> _Source data_:
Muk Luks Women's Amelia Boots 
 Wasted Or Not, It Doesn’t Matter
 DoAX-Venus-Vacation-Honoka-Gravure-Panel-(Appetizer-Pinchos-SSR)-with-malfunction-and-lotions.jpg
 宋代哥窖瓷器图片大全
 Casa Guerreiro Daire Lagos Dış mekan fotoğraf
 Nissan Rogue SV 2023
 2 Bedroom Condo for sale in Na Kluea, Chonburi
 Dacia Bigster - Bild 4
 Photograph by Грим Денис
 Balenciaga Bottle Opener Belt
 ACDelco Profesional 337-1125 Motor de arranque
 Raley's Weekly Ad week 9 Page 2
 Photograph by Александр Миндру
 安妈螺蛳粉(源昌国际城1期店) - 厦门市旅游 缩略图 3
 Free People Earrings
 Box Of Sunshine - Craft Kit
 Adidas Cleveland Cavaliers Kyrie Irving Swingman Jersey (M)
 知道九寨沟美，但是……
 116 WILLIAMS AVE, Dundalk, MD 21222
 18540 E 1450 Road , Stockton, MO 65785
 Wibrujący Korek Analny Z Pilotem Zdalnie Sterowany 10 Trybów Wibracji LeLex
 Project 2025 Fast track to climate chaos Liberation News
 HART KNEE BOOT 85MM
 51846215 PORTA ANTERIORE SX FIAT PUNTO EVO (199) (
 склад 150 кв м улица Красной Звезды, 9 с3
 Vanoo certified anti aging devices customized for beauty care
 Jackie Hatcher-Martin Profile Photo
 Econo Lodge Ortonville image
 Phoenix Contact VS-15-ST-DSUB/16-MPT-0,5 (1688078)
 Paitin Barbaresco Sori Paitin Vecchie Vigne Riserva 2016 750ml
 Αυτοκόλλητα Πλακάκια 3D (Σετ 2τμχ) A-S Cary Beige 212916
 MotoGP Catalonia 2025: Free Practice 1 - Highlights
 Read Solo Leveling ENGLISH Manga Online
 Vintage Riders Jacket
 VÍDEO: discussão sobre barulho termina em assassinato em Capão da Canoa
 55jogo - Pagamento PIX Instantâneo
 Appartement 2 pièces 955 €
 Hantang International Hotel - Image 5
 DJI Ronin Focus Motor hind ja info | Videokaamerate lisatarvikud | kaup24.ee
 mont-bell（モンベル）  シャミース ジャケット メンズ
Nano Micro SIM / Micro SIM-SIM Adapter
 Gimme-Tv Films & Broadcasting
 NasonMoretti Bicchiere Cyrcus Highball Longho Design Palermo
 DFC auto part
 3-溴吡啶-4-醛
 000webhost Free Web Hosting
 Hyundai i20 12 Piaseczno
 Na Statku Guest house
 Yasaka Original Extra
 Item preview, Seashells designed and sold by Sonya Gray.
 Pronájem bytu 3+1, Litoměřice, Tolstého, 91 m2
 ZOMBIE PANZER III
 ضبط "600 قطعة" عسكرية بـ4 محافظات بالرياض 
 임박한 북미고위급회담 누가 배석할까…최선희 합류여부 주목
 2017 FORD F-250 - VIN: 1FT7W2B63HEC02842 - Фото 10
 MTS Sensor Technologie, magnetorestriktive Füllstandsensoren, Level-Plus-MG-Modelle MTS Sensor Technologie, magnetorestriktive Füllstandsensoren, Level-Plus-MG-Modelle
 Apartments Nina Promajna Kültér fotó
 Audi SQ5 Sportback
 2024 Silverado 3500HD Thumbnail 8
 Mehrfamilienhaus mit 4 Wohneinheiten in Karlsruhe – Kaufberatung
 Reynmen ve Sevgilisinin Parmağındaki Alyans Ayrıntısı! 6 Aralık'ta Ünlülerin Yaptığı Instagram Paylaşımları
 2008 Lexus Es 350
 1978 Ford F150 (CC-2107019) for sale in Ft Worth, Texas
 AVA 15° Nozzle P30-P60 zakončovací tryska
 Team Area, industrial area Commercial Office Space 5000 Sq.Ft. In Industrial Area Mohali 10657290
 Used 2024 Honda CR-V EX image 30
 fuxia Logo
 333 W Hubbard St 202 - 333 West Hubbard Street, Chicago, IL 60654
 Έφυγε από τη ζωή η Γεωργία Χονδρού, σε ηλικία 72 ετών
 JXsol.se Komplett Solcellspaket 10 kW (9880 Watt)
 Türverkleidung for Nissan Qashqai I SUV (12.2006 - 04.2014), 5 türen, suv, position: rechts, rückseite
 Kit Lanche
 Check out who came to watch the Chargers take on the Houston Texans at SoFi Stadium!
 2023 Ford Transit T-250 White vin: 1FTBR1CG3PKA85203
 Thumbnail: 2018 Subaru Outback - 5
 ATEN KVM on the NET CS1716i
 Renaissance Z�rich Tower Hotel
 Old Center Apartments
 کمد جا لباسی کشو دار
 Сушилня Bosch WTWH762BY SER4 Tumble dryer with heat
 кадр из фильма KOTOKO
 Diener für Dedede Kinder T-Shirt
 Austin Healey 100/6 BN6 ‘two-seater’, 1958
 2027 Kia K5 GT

> _Problem to solve_: Once more, write out all the data above exactly as given.

> _Output_:
Muk Luks Women's Amelia Boots 
 Wasted Or Not, It Doesn’t Matter
 DoAX-Venus-Vacation-Honoka-Gravure-Panel-(Appetizer-Pinchos-SSR)-with-malfunction-and-lotions.jpg
 宋代哥窖瓷器图片大全
 Casa Guerreiro Daire Lagos Dış mekan fotoğraf
 Nissan Rogue SV 2023
 2 Bedroom Condo for sale in Na Kluea, Chonburi
 Dacia Bigster - Bild 4
 Photograph by Грим Денис
 Balenciaga Bottle Opener Belt
 ACDelco Profesional 337-1125 Motor de arranque
 Raley's Weekly Ad week 9 Page 2
 Photograph by Александр Миндру
 安妈螺蛳粉(源昌国际城1期店) - 厦门市旅游 缩略图 3
 Free People Earrings
 Box Of Sunshine - Craft Kit
 Adidas Cleveland Cavaliers Kyrie Irving Swingman Jersey (M)
 知道九寨沟美，但是……
 116 WILLIAMS AVE, Dundalk, MD 21222
 18540 E 1450 Road , Stockton, MO 65785
 Wibrujący Korek Analny Z Pilotem Zdalnie Sterowany 10 Trybów Wibracji LeLex
 Project 2025 Fast track to climate chaos Liberation News
 HART KNEE BOOT 85MM
 51846215 PORTA ANTERIORE SX FIAT PUNTO EVO (199) (
 склад 150 кв м улица Красной Звезды, 9 с3
 Vanoo certified anti aging devices customized for beauty care
 Jackie Hatcher-Martin Profile Photo
 Econo Lodge Ortonville image
 Phoenix Contact VS-15-ST-DSUB/16-MPT-0,5 (1688078)
 Paitin Barbaresco Sori Paitin Vecchie Vigne Riserva 2016 750ml
 Αυτοκόλλητα Πλακάκια 3D (Σετ 2τμχ) A-S Cary Beige 212916
 MotoGP Catalonia 2025: Free Practice 1 - Highlights
 Read Solo Leveling ENGLISH Manga Online
 Vintage Riders Jacket
 VÍDEO: discussão sobre barulho termina em assassinato em Capão da Canoa
 55jogo - Pagamento PIX Instantâneo
 Appartement 2 pièces 955 €
 Hantang International Hotel - Image 5
 DJI Ronin Focus Motor hind ja info | Videokaamerate lisatarvikud | kaup24.ee
 mont-bell（モンベル）  シャミース ジャケット メンズ
Nano Micro SIM / Micro SIM-SIM Adapter
 Gimme-Tv Films & Broadcasting
 NasonMoretti Bicchiere Cyrcus Highball Longho Design Palermo
 DFC auto part
 3-溴吡啶-4-醛
 000webhost Free Web Hosting
 Hyundai i20 12 Piaseczno
 Na Statku Guest house
 Yasaka Original Extra
 Item preview, Seashells designed and sold by Sonya Gray.
 Pronájem bytu 3+1, Litoměřice, Tolstého, 91 m2
 ZOMBIE PANZER III
 ضبط "600 قطعة" عسكرية بـ4 محافظات بالرياض 
 임박한 북미고위급회담 누가 배석할까…최선희 합류여부 주목
 2017 FORD F-250 - VIN: 1FT7W2B63HEC02842 - Фото 10
 MTS Sensor Technologie, magnetorestriktive Füllstandsensoren, Level-Plus-MG-Modelle MTS Sensor Technologie, magnetorestriktive Füllstandsensoren, Level-Plus-MG-Modelle
 Apartments Nina Promajna Kültér fotó
 Audi SQ5 Sportback
 2024 Silverado 3500HD Thumbnail 8
 Mehrfamilienhaus mit 4 Wohneinheiten in Karlsruhe – Kaufberatung
 Reynmen ve Sevgilisinin Parmağındaki Alyans Ayrıntısı! 6 Aralık'ta Ünlülerin Yaptığı Instagram Paylaşımları
 2008 Lexus Es 350
 1978 Ford F150 (CC-2107019) for sale in Ft Worth, Texas
 AVA 15° Nozzle P30-P60 zakončovací tryska
 Team Area, industrial area Commercial Office Space 5000 Sq.Ft. In Industrial Area Mohali 10657290
 Used 2024 Honda CR-V EX image 30
 fuxia Logo
 333 W Hubbard St 202 - 333 West Hubbard Street, Chicago, IL 60654
 Έφυγε από τη ζωή η Γεωργία Χονδρού, σε ηλικία 72 ετών
 JXsol.se Komplett Solcellspaket 10 kW (9880 Watt)
 Türverkleidung for Nissan Qashqai I SUV (12.2006 - 04.2014), 5 türen, suv, position: rechts, rückseite
 Kit Lanche
 Check out who came to watch the Chargers take on the Houston Texans at SoFi Stadium!
 2023 Ford Transit T-250 White vin: 1FTBR1CG3PKA85203
 Thumbnail: 2018 Subaru Outback - 5
 ATEN KVM on the NET CS1716i
 Renaissance Z�rich Tower Hotel
 Old Center Apartments
 کمد جا لباسی کشو دار
 Сушилня Bosch WTWH762BY SER4 Tumble dryer with heat
 кадр из фильма KOTOKO
 Diener für Dedede Kinder T-Shirt
 Austin Healey 100/6 BN6 ‘two-seater’, 1958
 2027 Kia K5 GT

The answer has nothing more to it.